Other contributing factors may include marital trouble between you and your husband, in which case the parent-child relationship assumes increased importance. “The mother’s relationship and possible sense of identity in relation to parenting might become stronger, should distance in the parental relationship worsen”.
“Every case is different, yet, the result is that when the children threaten to leave home, the mother needs to deal with the loss of her sense of meaning and relational contact,” explains Stemmet. “The time, effort and personal sacrifice made as a result of motherhood might leave numerous moms feeling that they do not know how to channel their newly discovered time and energy when their kids leave home”.
Be supportive
Regardless of your feelings about the move, supporting your adult child’s desire to leave home is important in maintaining a positive relationship. “Often when the support is not there, the children are guilt tripped or emotionally manipulated into staying, which can lead to parental resentment later,” explains Stemmet. “Without the children leaving home, the children’s sense of identity and independence is compromised”.
“The best way to be supportive is to show them how you plan to take up new things as a result of them stepping out of the house,” she says. “Ask numerous questions on the options they are exploring in their process of leaving. If you question the neighborhood they are moving to, then suggest a different neighborhood. If financials are the issue, then help them explore possibilities in part time work, empower them to scrape something together, support with budgets and understanding minimising life costs, so that they can work toward getting away from home”.
Coping strategies
Stemmet offers the following suggestions when it comes to coping with empty nest syndrome:
-The more the balance is maintained (between parenting and career) throughout, the less threatening the move of the children will be. During all this, actively create space for you and your husband to spend quality moments together in the absence of the children. This relationship should be a safe space to fall back on when the children leave the house, not a threat.
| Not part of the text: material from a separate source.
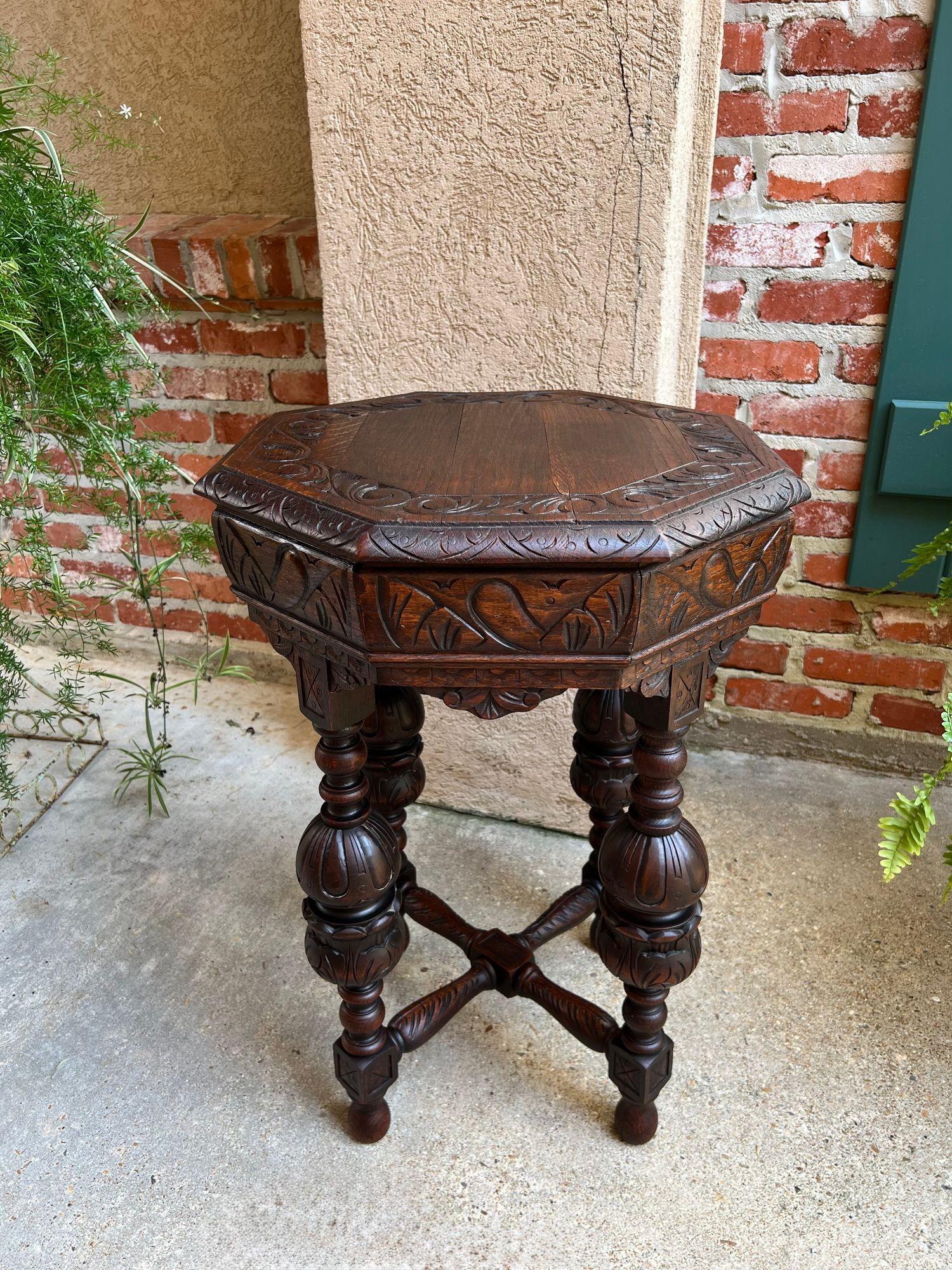PETITE Antique French Octagon Center Side TABLE Renaissance Carved Oak c1890 in vendita 7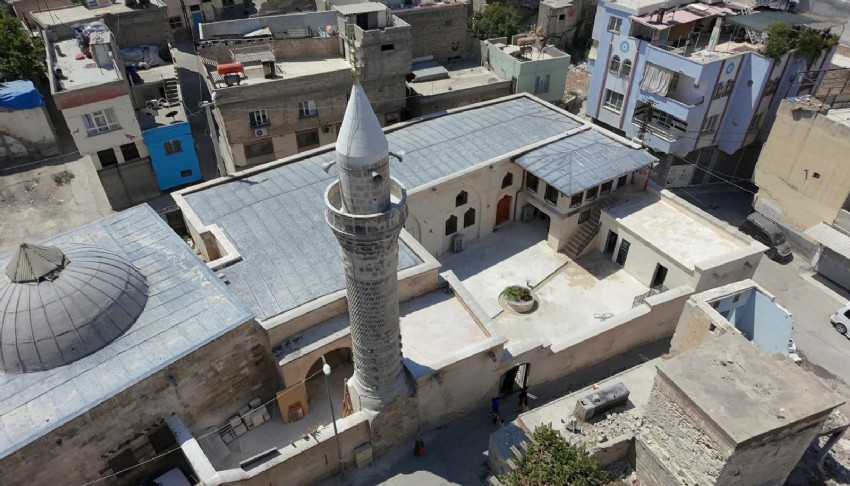 Asırlık camiler Mevlid Kandili’nde kapılarını açıyor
– Children rarely leave home in an instant. Thus some years prior to this being imminent, start doing planning around the activity list with your husband, or friends for that matter. This also serves the purpose of new prospects and planning ahead for when those new prospects become an actual possibility – which could have the consequence of blowing excitement back into certain relationships with friends, or with your primary relationship with your husband.